How to make a group. 6. 0.0 measured by mercury porosimeter
The mode diameter of the pore volume distribution of 1 to 3 μm is 1.5 μm or less, and the pore volume of 0.01 to 3 μm is 0.3 mL / g.
It is above, and the granule strength is 15 MPa or more.
5. A group of granules for supporting a surfactant obtained by the method according to any one of 5 to 6 . 7. The particle size on the large particle size side where the weight average molecular weight is 3,000 to 100,000 and the height of the peak including 10 nm in the light scattering measurement is attenuated to half the maximum value, and the particle size on the large particle size side is 32 nm.

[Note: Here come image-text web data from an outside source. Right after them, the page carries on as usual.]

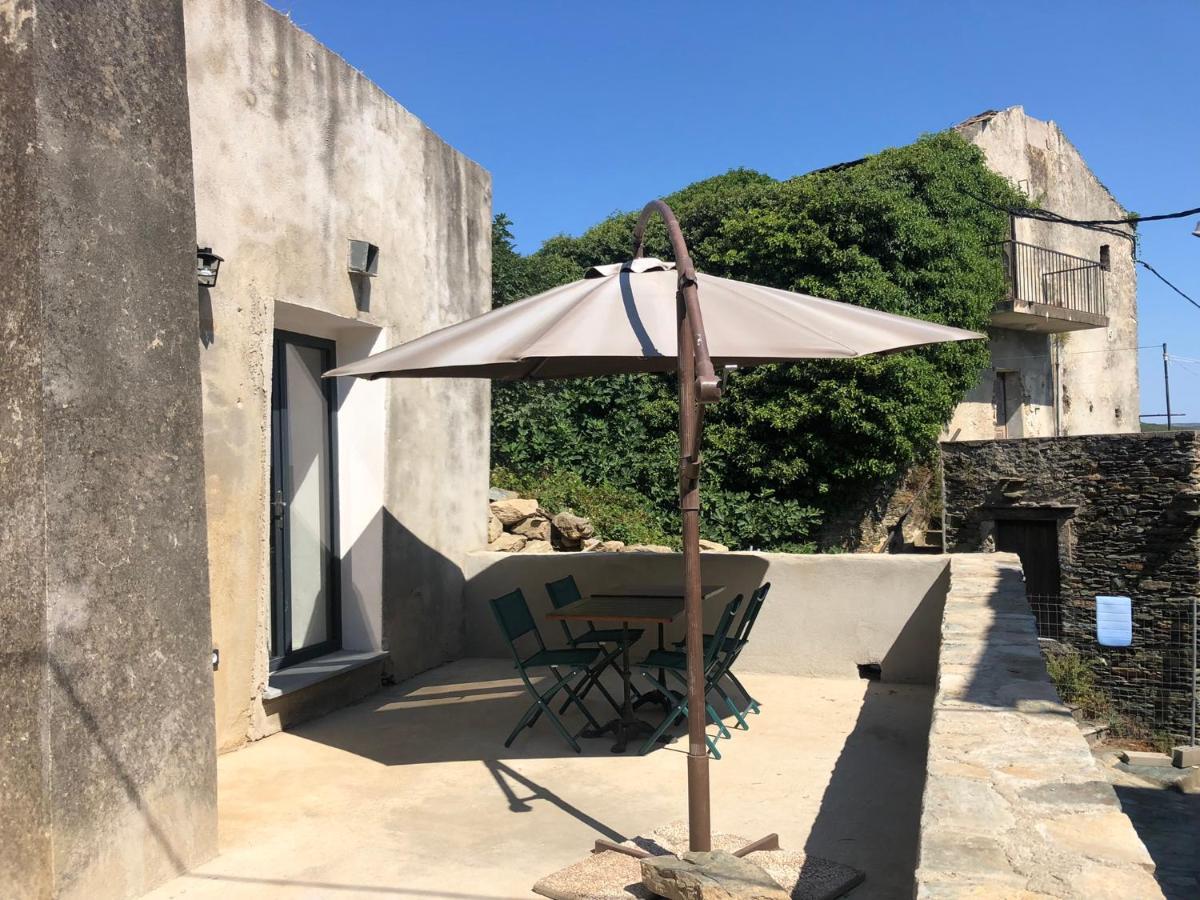 Tres Jolie Maison Aux Portes Du Cap Corse Sisco エクステリア 写真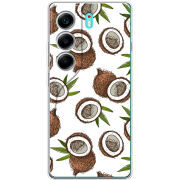 Чохол BoxFace Tecno Camon 40 Coconut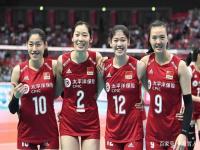 中国女排奥运名单2021 2021东京奥运会中国女排12人名单 2021中国女排大名单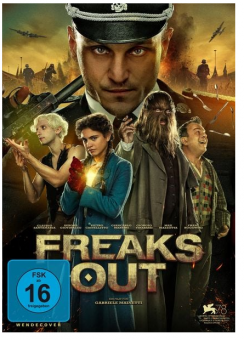 Freaks Out (2021) [Gebraucht - Zustand (Sehr Gut)] 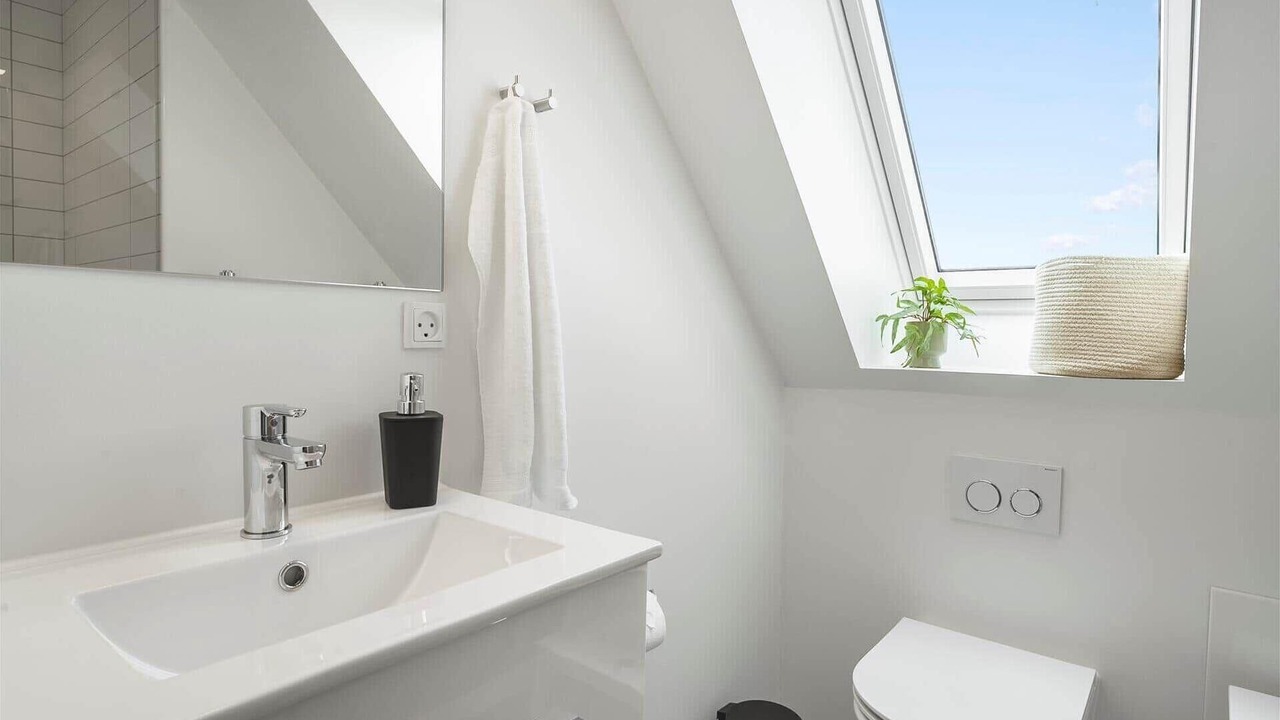 Photo of Bathroom in Nysted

It contains 5 to 30% by weight of an acrylic acid-based polymer in which the ratio of particles having a particle size of 800 nm or less is 70% or less, and sodium carbonate and sodium sulfate are contained in a weight ratio of 1/10 to 10 /. 1. A group of surfactant-containing granules containing burkeite, wherein the total content of sodium carbonate and sodium sulfate is 19/1 to 1/2 with respect to the polymer content. 8. The acrylic acid-based polymer has a calcium ion-capturing ability of 160 mgCaCO ₃ / g or more and a stability constant for calcium ions of 2.6 or more.
7. A group of granules for supporting a surfactant according to 7 . 9. The acrylic acid polymer is acrylic acid and / or
Alternatively, the amount of the monomer component other than the salt is acrylic acid and / or
Is less than 1 / 2.5 in molar ratio to the amount of salt
A group of granules for supporting a surfactant according to claim 7 or 8. 10. A detergent particle group in which 10 to 100 parts by weight of a surfactant composition is supported with respect to 100 parts by weight of the surfactant-supporting granule group according to any one of claims 6 to 9 . 11. The detergent particle group according to claim 10 is 50 to 50.
A detergent composition containing 100% by weight and having an average particle size of 150 to 500 μm and a bulk density of 500 to 1000 g / L.